■ EXERCISE: Produce as output only the lines below starting at the line with "01824 O8321 Gohrisch" and continuing through the line with "used 2018 Dodge", each one exactly as written.

■ TASK DATA:
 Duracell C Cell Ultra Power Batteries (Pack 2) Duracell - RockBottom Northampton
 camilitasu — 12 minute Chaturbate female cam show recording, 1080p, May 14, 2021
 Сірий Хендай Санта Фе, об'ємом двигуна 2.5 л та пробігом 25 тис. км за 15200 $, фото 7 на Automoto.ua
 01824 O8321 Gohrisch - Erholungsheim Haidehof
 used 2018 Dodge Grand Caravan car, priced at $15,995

--

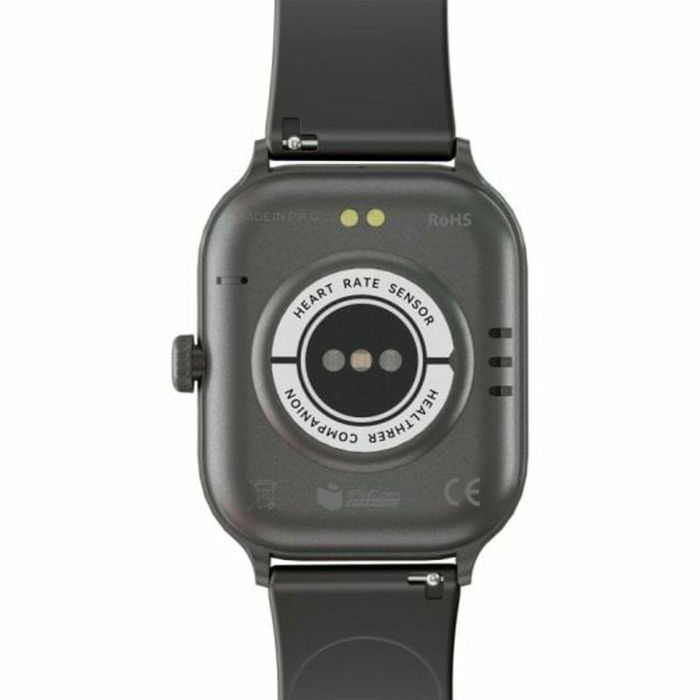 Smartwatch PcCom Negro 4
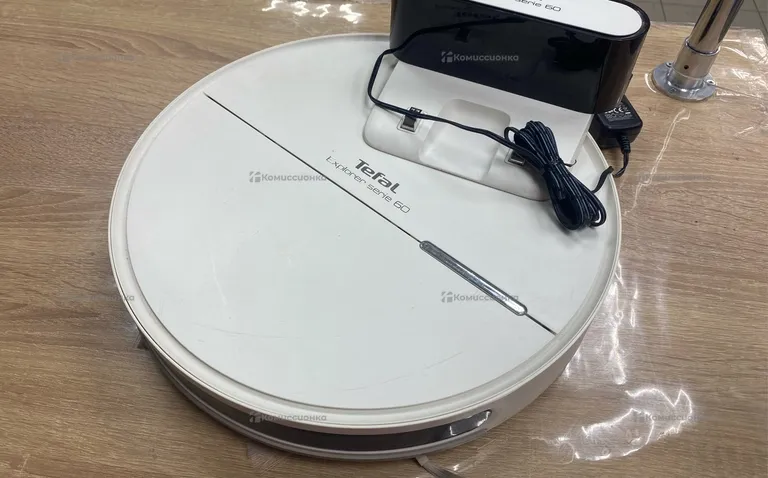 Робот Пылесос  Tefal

■ TASK SOLUTION:
 01824 O8321 Gohrisch - Erholungsheim Haidehof
 used 2018 Dodge Grand Caravan car, priced at $15,995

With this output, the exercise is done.